Ils étaient presque tous là hier soir au Théâtre Granada alors que le natif de Lafayette, Louisiane, toujours gonflé d'orgueil par la victoire des Saints de la Nouvelle-Orléans au Super Bowl XLIV, offrait le spectacle tiré de son plus récent album (le premier en anglais depuis 15 ans), Last Kiss.

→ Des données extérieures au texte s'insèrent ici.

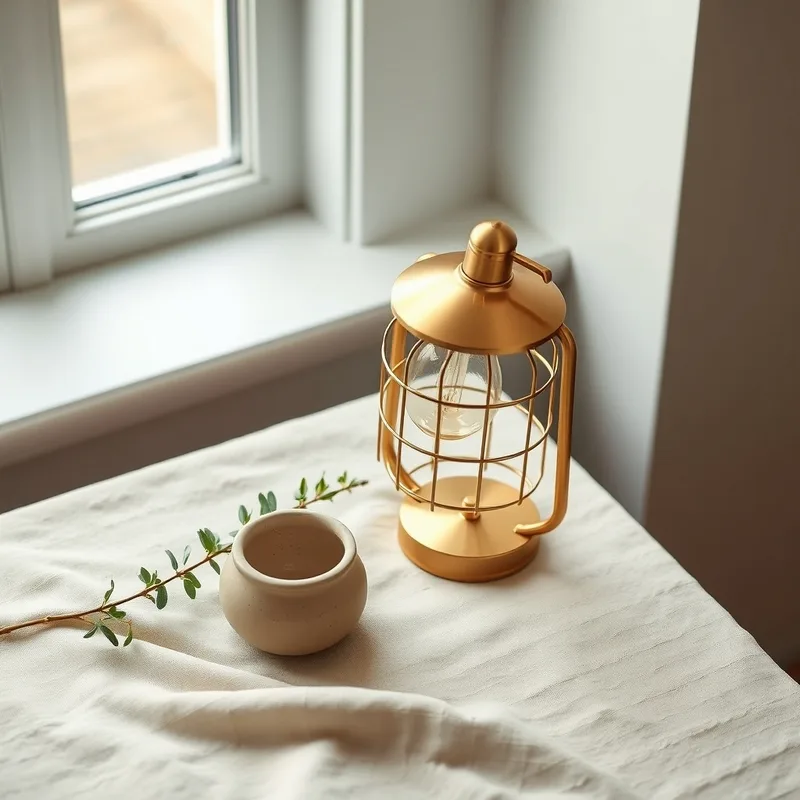 Brass picture light styled in a home setting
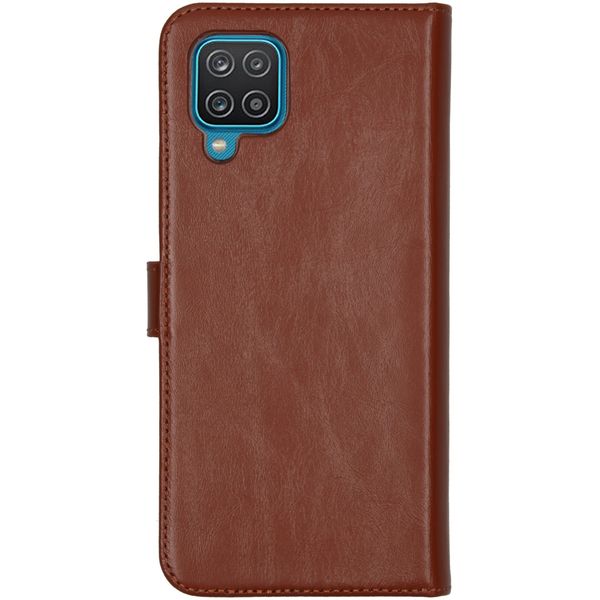 Selencia Echt Leren Bookcase Samsung Galaxy A12 - Lichtbruin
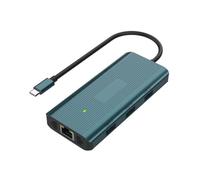 Aleación Aluminio UC961 USB C HUB 9 En 1 Dock Expansión con 1000m Ethernet 3USB 4K30Hz HDTV Card Reader 100W PD Cargo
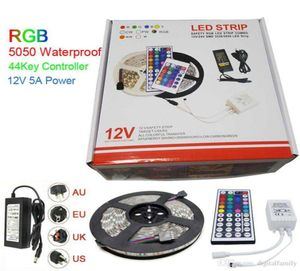 Striscia LED RGB 5M 5050 SMD 300Led Impermeabile IP65 44Key Controller Trasformatore di alimentazione con scatola Regali di Natale Reta2416613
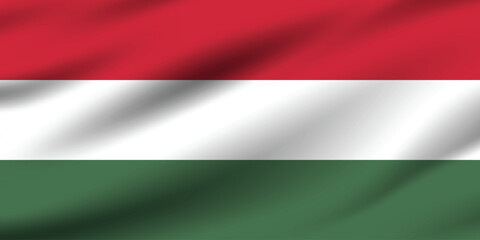 Flag of Hungary. Hungary flag official size and color standards digital vector illustration. Waving flag icon.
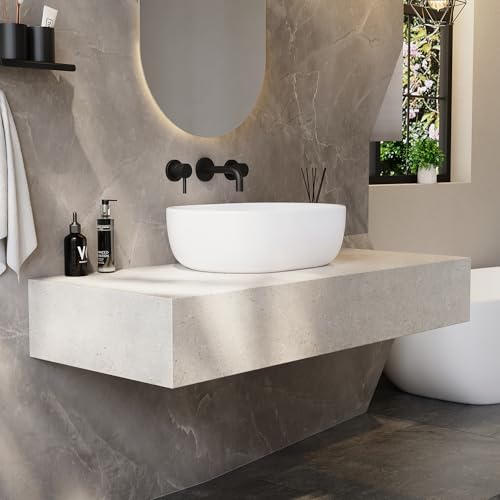 Eridanus Waschbecken aus Glasporzellan, rechteckig, weiß, glänzend, Keramik, für Badezimmer-Arbeitsplatten, perfekt für Garderobe, Waschtisch, 480 x 340 x 145 mm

Le public, lui, était visiblement venu entendre les succès de la dernière période francophone de Richard et il ne l'a pas fait languir; incitiation à Pagayez en levée de rideau puis, disséminés tout au long de la soirée, Cap Enragé, Au Bord du Lac Bijou, Petit Codiac, La Ballade de Jackie Vautour et, en clôture, La Ballade de Jean Batailleur (clameur chez les spectatrices). Zac a aussi, pour amadouer l'hiver et la tempête de grosse-neige-à-bonhomme s'étant abattue sur Sherbrooke, chanté le personnage de Louis Hémon dans La Ballade de François Paradis (à ne pas confondre avec un certain animateur de télé).
Un spectateur comblé est un spectateur disposé. La générosité de Richard lui aura donc permis de créer avec les Dansé et Last Kiss, extraits moins connus de son dernier opus, des moments d'écoute recueillie, preuve indéniable de la puissance de sa prose en anglais comme en français. Et de créer tout un tintamarre en empoignant son accordéon pour un brin de zydeco (ou cajun rock comme il préfère le dire) et une danse des Écrevisses bien rigolote.
Les réminiscences pittoresques de sa jeunesse à la Nouvelle-Orléans offraient par ailleurs un contrepoint amusant à ses complaintes de dépossession, de colère muette et d'errance. Avec son hommage au roi du zydeco Clifton Chenier et à ses tournées mondiales (de Lafayette à San Francisco), les histoires de boisson de son oncle Cinquième et ses leçons culinaires sur les sandwiches aux pork chops (avec l'os, «parce que ça fait quelque chose à sucer dans la soirée»), Zachary Richard trace les contours de la mythologie intime de Zac le sage, que l'on écoute les oreilles grandes ouvertes quand il dédit sa Promesse cassée aux Haïtiens en nous rappelant que «la meilleure raison d'espérer, c'est qu'on ne sait pas comment ça va se passer.»
Le concert d'hier n'aurait pas été le même sans l'apport considérable du nouveau venu et cadet de la bande Jean-Philippe Lagueux (guitare), de l'envoutant Mario Légaré (basse) et de Paul Picard (percussions) qui, avec une foule de tambours, de shakers et de grelots, donnait des couleurs et mettait en valeur les mélodies comme rarement un batteur traditionnel y parvient.